Creates a new index reader, with the specified underlying InputBitStream.

Parameters:
ibs - the underlying input bit stream.
offsets - the offset list; may be null if you do not plan using position(int).
sizes - the size list; may be null if your code does not require it.
N - the number of documents in the collection.
flags - a bit mask setting the coding techniques to be used (see the IndexReader introduction).

IndexReader

public IndexReader(InputBitStream ibs,
                   LongList offsets,
                   int N,
                   long flags)
            throws IOException
Deprecated. Please use Index.getReader() or IndexReader(Index).

Creates a new index reader, with the specified underlying InputBitStream.

Parameters:
ibs - the underlying input bit stream.
N - the number of documents in the collection.
flags - a bit mask setting the coding techniques to be used (see the IndexReader introduction).

IndexReader

public IndexReader(InputBitStream ibs,
                   int N,
                   long flags)
            throws IOException
Deprecated. Please use Index.getReader() or IndexReader(Index).

Creates a new index reader, with the specified underlying InputBitStream.

Parameters:
ibs - the underlying input bit stream.
N - the number of documents in the collection.
flags - a bit mask setting the coding techniques to be used (see the IndexReader introduction).
Method Detail

position

public void position(int term)
              throws IOException
Positions the index on the inverted list of a given term. This method can be called at any time.

Parameters:
term - a term.
Throws:
IOException

endOfList

public boolean endOfList()
Returns whether there are no more document records in the current inverted list.

Returns:
whether there are no more document records in the current inverted list.

readFrequency

public int readFrequency()
                  throws IOException,
                         IllegalStateException
Reads and returns the frequency (number of documents where the term appears). The underlying bit stream must be positioned on the beginning of an inverted list, or at the real end of an inverted list (not only endOfList() must return true, but also all data contained in the last document record must have been read).
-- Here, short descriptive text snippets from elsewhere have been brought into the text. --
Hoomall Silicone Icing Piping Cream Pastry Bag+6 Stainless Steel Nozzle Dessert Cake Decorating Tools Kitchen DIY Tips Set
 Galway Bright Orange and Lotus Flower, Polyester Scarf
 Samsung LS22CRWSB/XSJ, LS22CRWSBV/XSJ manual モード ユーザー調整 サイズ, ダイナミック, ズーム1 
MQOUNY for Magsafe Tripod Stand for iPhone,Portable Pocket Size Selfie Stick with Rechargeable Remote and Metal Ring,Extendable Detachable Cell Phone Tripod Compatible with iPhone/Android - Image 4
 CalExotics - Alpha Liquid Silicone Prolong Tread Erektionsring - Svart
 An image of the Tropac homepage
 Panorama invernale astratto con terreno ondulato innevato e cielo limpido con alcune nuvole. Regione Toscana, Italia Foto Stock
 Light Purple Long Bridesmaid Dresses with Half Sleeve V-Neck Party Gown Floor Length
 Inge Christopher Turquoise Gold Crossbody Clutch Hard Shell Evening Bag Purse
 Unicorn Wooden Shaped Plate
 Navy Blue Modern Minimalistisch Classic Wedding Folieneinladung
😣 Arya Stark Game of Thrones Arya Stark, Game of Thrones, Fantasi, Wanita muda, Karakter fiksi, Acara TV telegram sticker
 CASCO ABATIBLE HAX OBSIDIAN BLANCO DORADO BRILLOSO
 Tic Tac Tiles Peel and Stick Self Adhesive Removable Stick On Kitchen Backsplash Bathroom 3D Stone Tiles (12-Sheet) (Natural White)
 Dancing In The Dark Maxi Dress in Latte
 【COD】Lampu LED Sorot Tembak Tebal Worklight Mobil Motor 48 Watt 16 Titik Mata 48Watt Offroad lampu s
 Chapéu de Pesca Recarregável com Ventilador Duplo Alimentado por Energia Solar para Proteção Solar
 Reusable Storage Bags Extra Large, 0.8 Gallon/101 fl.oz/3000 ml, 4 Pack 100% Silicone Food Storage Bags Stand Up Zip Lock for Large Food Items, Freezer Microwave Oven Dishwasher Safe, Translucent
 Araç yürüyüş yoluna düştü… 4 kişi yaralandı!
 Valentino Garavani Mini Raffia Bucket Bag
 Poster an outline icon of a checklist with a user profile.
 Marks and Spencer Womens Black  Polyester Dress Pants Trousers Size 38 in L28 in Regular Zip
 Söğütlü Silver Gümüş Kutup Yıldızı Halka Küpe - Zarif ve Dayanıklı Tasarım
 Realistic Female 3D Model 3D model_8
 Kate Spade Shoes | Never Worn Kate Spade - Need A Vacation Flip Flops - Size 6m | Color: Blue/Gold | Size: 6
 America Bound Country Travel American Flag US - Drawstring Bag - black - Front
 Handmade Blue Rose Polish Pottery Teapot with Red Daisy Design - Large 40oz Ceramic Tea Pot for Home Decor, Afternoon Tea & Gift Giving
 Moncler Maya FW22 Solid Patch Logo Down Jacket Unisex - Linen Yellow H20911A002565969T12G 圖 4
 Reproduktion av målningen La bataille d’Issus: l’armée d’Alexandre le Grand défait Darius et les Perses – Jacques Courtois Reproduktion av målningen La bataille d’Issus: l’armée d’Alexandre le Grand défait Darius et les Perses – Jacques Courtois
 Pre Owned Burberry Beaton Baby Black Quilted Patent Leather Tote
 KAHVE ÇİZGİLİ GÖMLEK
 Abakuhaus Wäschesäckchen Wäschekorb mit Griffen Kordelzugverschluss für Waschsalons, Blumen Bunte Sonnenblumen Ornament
After that, you are ready to read the document records.

Returns:
the frequency.
Throws:
IOException - if an exception is thrown by the underlying stream
IllegalStateException

readDocumentPointer

public int readDocumentPointer()
                        throws IOException
Reads a document pointer from a given InputBitStream. This method returns the document pointer; after this, you can use the stream to read the positions.

Throws:
IOException - if an exception is thrown by the underlying stream

currentDocumentPointer

public int currentDocumentPointer()
Returns the current document pointer.

Returns:
the current document pointer, or -1 if no document pointer has been read so far.

justAfterPointer

protected boolean justAfterPointer()
Returns true if the index is positioned just after a pointer.

Returns:
true if the index is positioned just after a pointer.

readPositionCount

public int readPositionCount()
                      throws IOException,
                             NoSuchElementException
Reads the position count for the current document.

Returns:
the count, that is, the number of positions of the current term in the current document.
Throws:
IOException - if an exception is thrown by the underlying stream
IllegalStateException - if you try to read a count but you have not just read a pointer.
NoSuchElementException - if you try to read beyond the end of an inverted list.

readDocumentPositions

public int readDocumentPositions(int[] occ)
                          throws IOException,
                                 NoSuchElementException
Reads the positions of the occurrences of the current term in the current document.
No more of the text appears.